L'un des aspects enthousiasmants du protocole optionnel -- et aussi de celui sur la prostitution infantile, qui a été adopté de la même façon --, c'est que si nous pouvons obtenir des États-Unis qu'il le signe, ce que les Américains sont disposés à faire, alors éventuellement, ils auront ratifié la convention par la bande. Pouvez-vous nous parler de cet effort pour faire en sorte que les acteurs puissants se rallient?

Mme Homes: Il y a une différence entre le processus qui préside aux négociations du traité international et celui par lequel nous le mettons en oeuvre sur le plan national. Nous savons pertinemment que la Convention relative aux droits de l'enfant, à l'instar d'autres traités internationaux, est le fruit d'un compromis. Permettez-moi de revenir en arrière.
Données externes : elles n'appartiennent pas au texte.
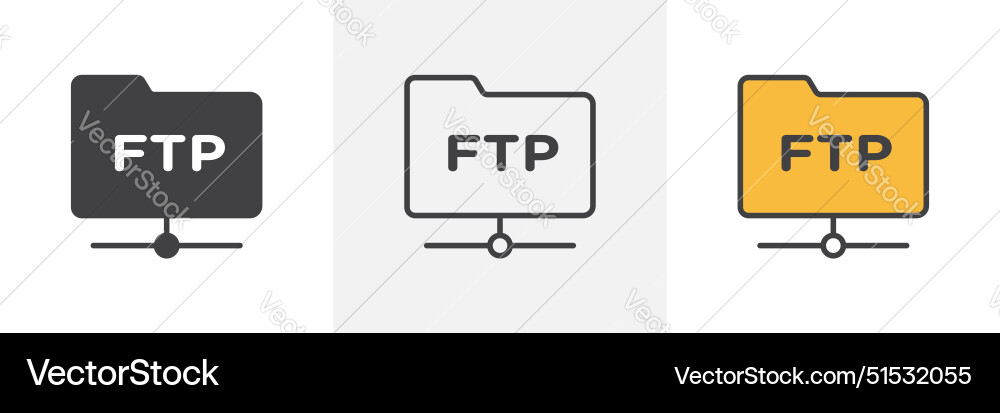 Ftp icon set server web connection symbol Ftp icon set server web connection symbol vector image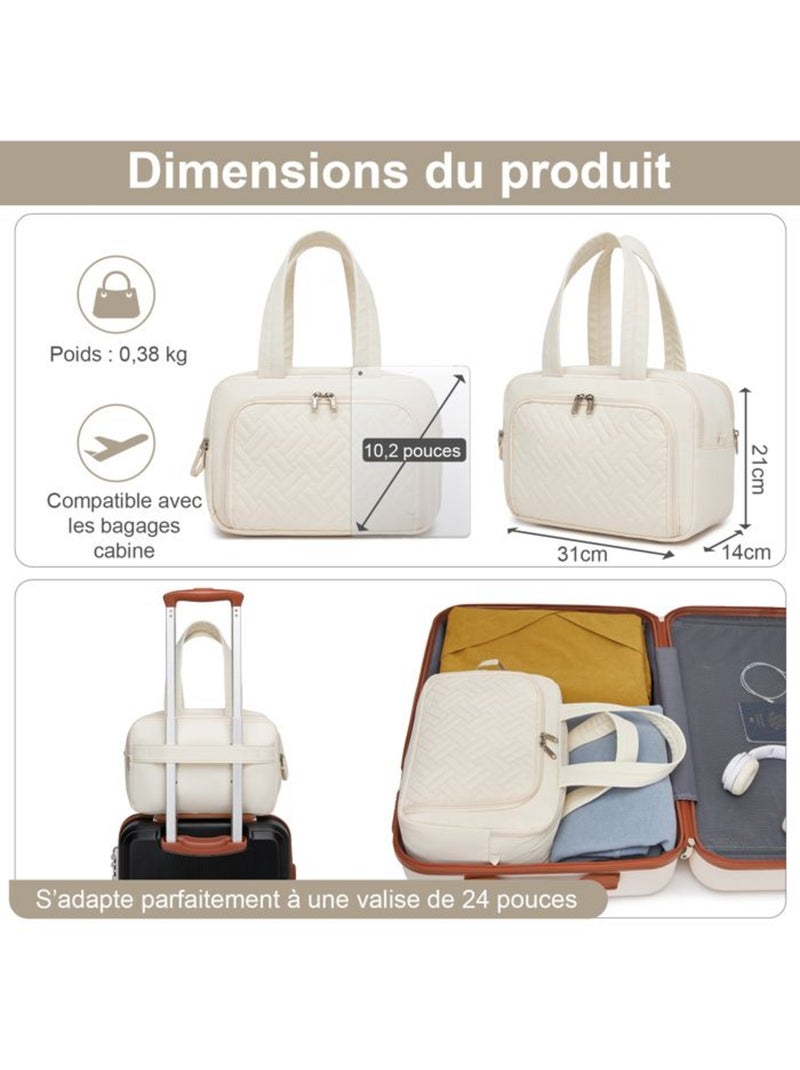 Trousse de toilette matelassée déperlante grande capacité 31x21x14 cm - kono Blanc - Kiabi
Le droit international concernant les droits de la personne n'est pas très détaillé. Il établit des principes qui s'équilibrent les uns les autres. Lorsqu'un État signe et ratifie un instrument international, il ne laisse pas pour autant dans le vague sa législation nationale. Il prend ces principes et les précise. Notre propre Charte des droits et libertés en est un exemple patent. C'est ainsi que nous avons assumé ces principes et que nous en avons précisé le détail dans notre propre contexte, et dans certains cas, cela a débouché sur la création d'une norme plus élevée que celle qui existe dans le droit international consacré aux droits de la personne. Ainsi, le droit international interdit uniquement la peine de mort pour les jeunes contrevenants. Or, au Canada, la peine de mort n'existe pas. Nous avons appliqué une norme plus élevée que celle en vigueur dans le domaine international. L'ébauche du protocole optionnel est le fruit d'un compromis sur l'âge du recrutement, et nous comprenons le jeu des forces en cause. Cela se traduira par un taux de ratification plus élevé.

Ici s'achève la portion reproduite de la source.